Comme en Moldavie et en Roumanie, le gouvernement craint que la Russie cherche à favoriser les candidats favorables à ses intérêts en exerçant une influence sur les réseaux sociaux.
En plus de la menace militaire venant de la Russie, une autre source d’inquiétude préoccupe grandement le gouvernement français : la menace numérique. Il s’agit notamment du risque d’ingérence de la part de Moscou dans les élections futures, en commençant par la présidentielle de 2027. Le détournement des réseaux sociaux à des fins électorales occupe une place centrale parmi les préoccupations de l’Élysée.
Le 10 mars dernier, Emmanuel Macron a accueilli Maia Sandu, la présidente de la Moldavie, qui doit faire face, selon ses dires, à des « tentatives russes de déstabilisation toujours plus audacieuses ». En octobre, elle a remporté de justesse un référendum confirmant son objectif d’adhérer à l’Union européenne, malgré une manipulation de près de 300 000 voix attribuée à des fonds russes estimés à environ 100 millions d’euros.
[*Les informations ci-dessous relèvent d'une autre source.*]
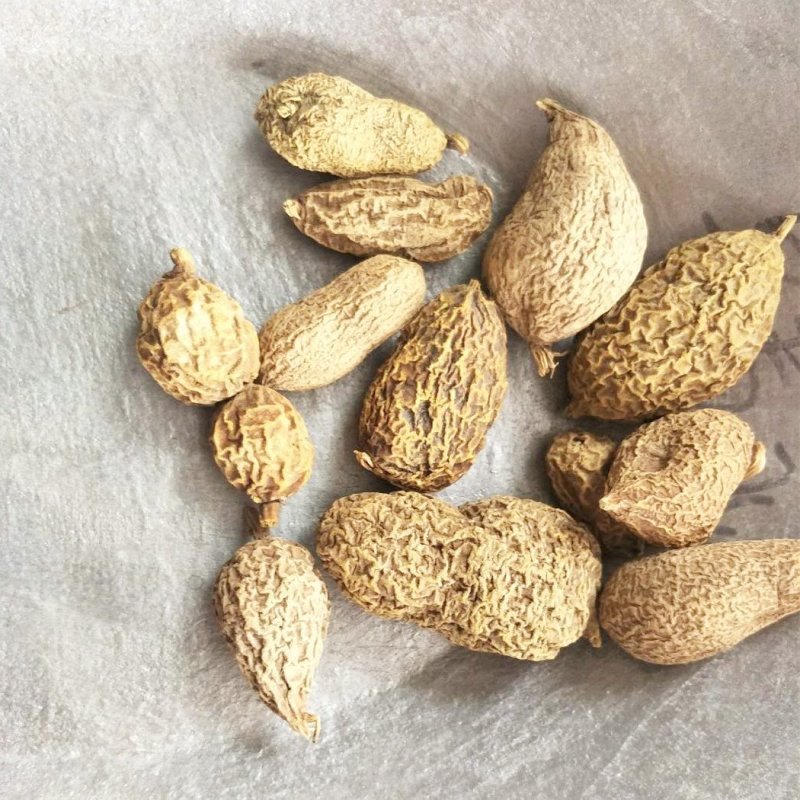 金果榄金果榄藤片包邮不要运费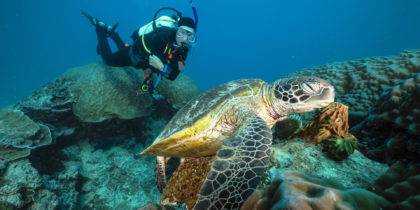 scuba diver and an hawksbill turtle sleeping on a reef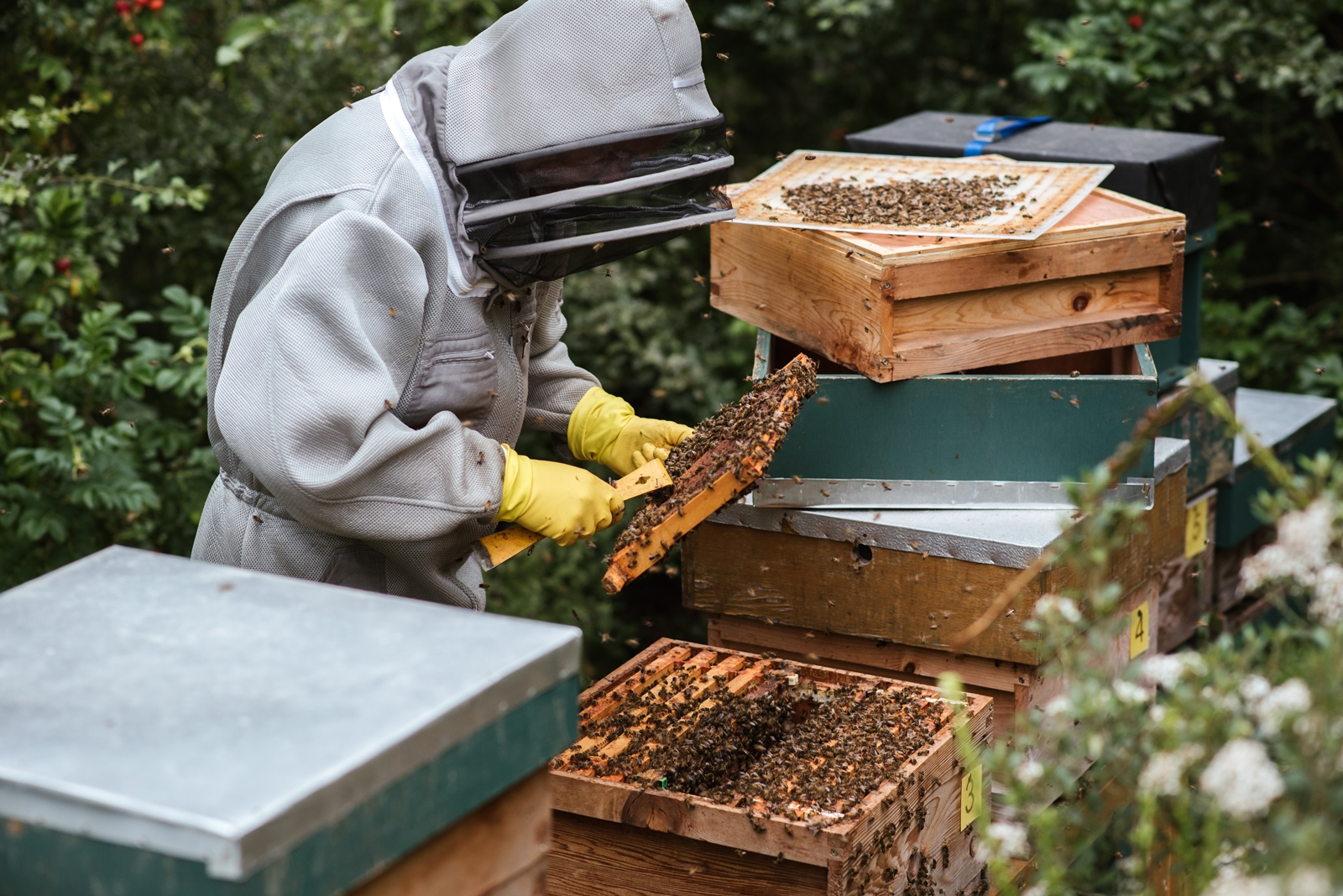 Μελισσοκόμοι επιδότηση: Ανοιχτή η πλατφόρμα για αιτήσεις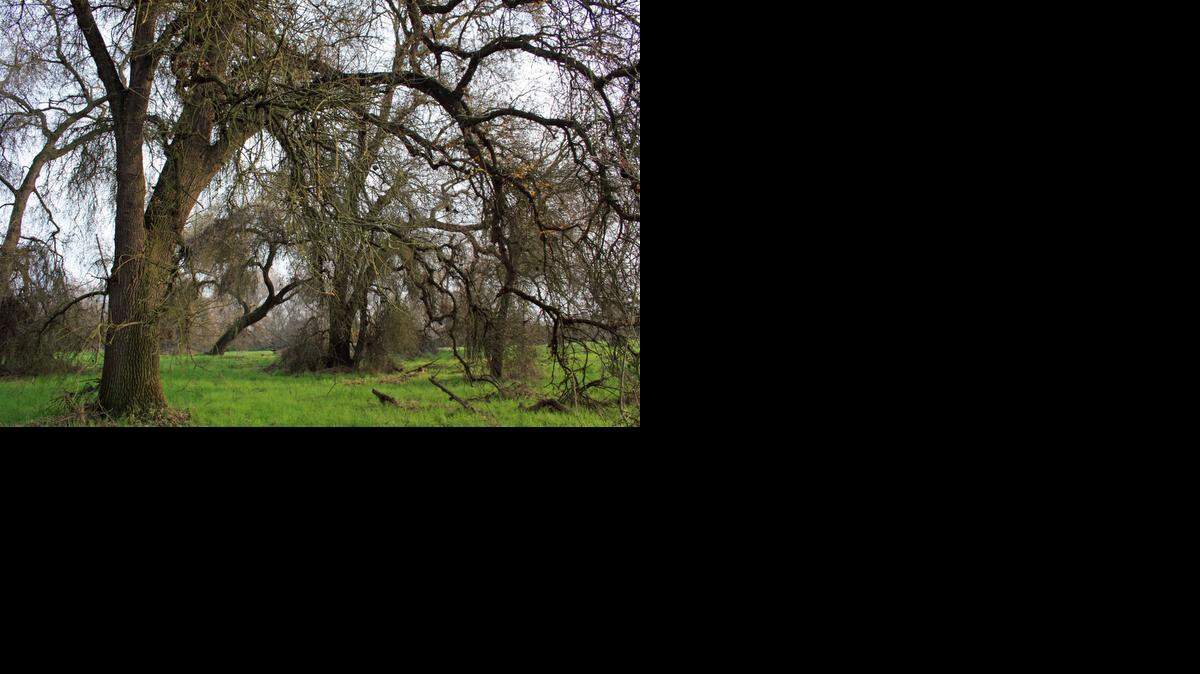 
The Kaweah Oaks Preserve protects one of the remnants of a vast forest of valley oaks that once stretched from just west of Sequoia National Park down into the southern San Joaquin Valley.
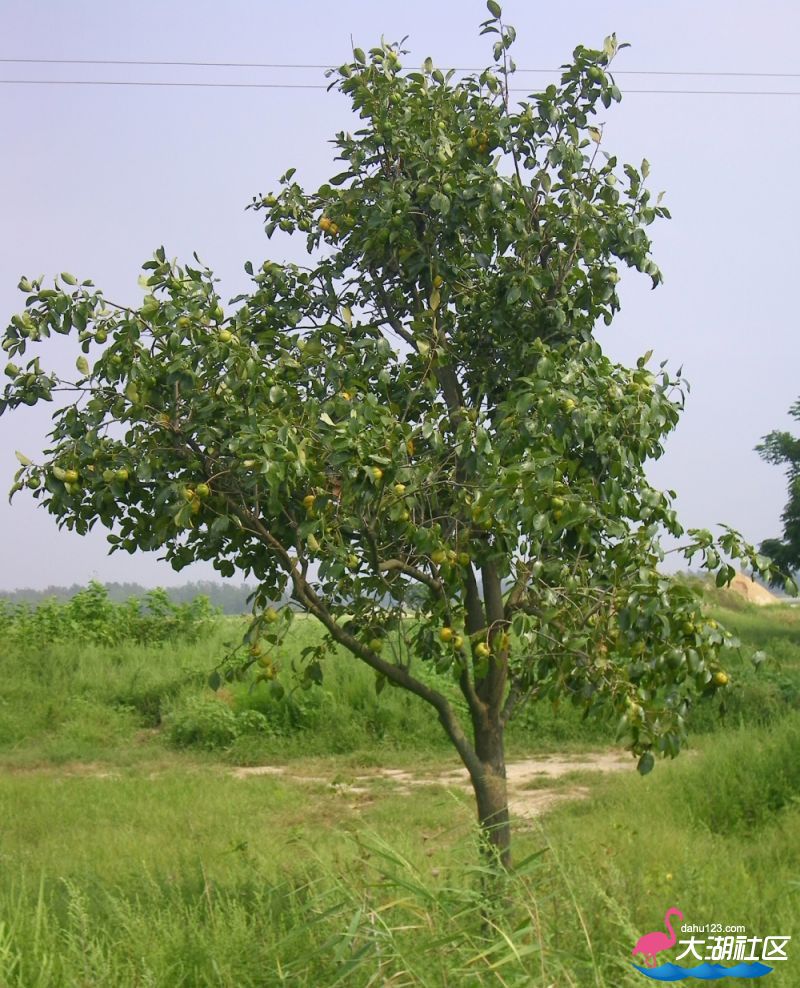 100_4891.jpg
Dernièrement, le cas de l’élection présidentielle en Roumanie illustre bien ce phénomène. Ayant été rejeté par la commission électorale, Calin Georgescu, candidat d’extrême droite, a fait appel pour participer au nouveau vote après l’annulation de celui de novembre. Cet outsider qui n’avait pas mené campagne – ni réunions publiques, ni interviews – a surpris en se hissant en tête du premier tour, grâce à l’appui massif d’influenceurs financés par le Kremlin, qui ont exploité TikTok pour manipuler l’opinion.
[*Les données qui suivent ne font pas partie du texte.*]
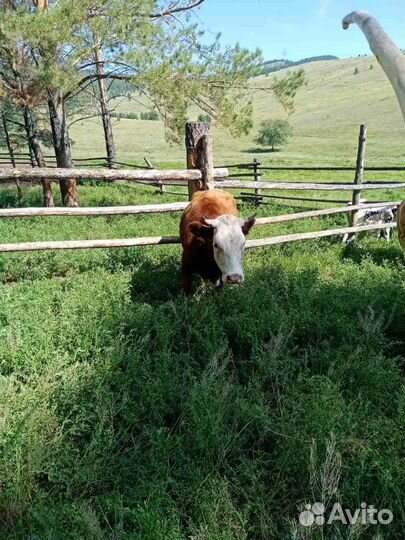 Корова на мясо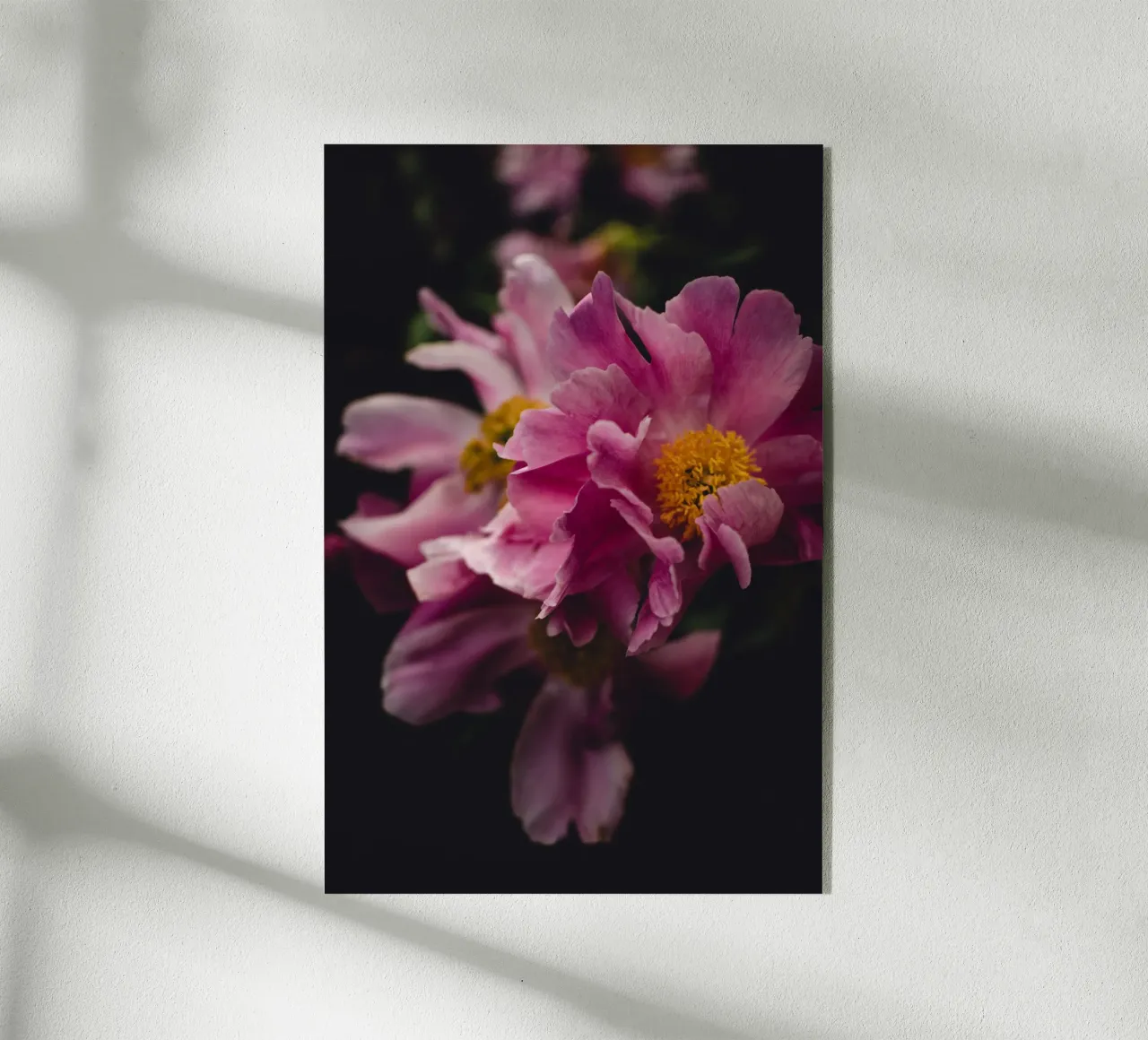 Peonia #2 plexiglass da smallstage.photography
La manipulation des algorithmes
Des interférences venues de l’étranger auraient déjà eu lieu lors des élections européennes de 2024. Un rapport finlandais a récemment mis en lumière cet « effet TikTok ». La Russie est suspectée d’avoir manipulé les algorithmes de TikTok pour accroître la visibilité des partis d’extrême droite. En Espagne, cela a bénéficié au parti Vox et en Allemagne, les recherches sur la tête de liste écologiste sur TikTok redirigeaient directement vers les comptes de l’AfD. Selon certains experts, cela pourrait très bien s’être produit aussi en France, sans que personne ne le remarque. Ainsi, lors de la campagne pour les élections européennes de juin 2024, l’audience des vidéos des candidats sur TikTok variait selon les moments, ce qui est normal. Sauf pour Jordan Bardella, dont la visibilité restait élevée, quel que soit l’horaire. Les bots russes, ces programmes automatiques qui faussent les audiences, ne dorment jamais.
La France rencontre des difficultés à se protéger de telles ingérences avant 2027. La mise en œuvre du Digital Services Act, la législation européenne visant à interdire la diffusion de contenus illicites en ligne, reste assez désorganisée. Chaque fermeture de compte est rapidement dénoncée comme une atteinte à la liberté d’expression par ceux impliqués dans la déstabilisation. Ce phénomène s’est amplifié depuis que les États-Unis sous Donald Trump soutiennent ouvertement les partis d’extrême droite européens, notamment l’AfD lors des récentes législatives en Allemagne et peut-être le RN lors de la prochaine présidentielle en France dans deux ans.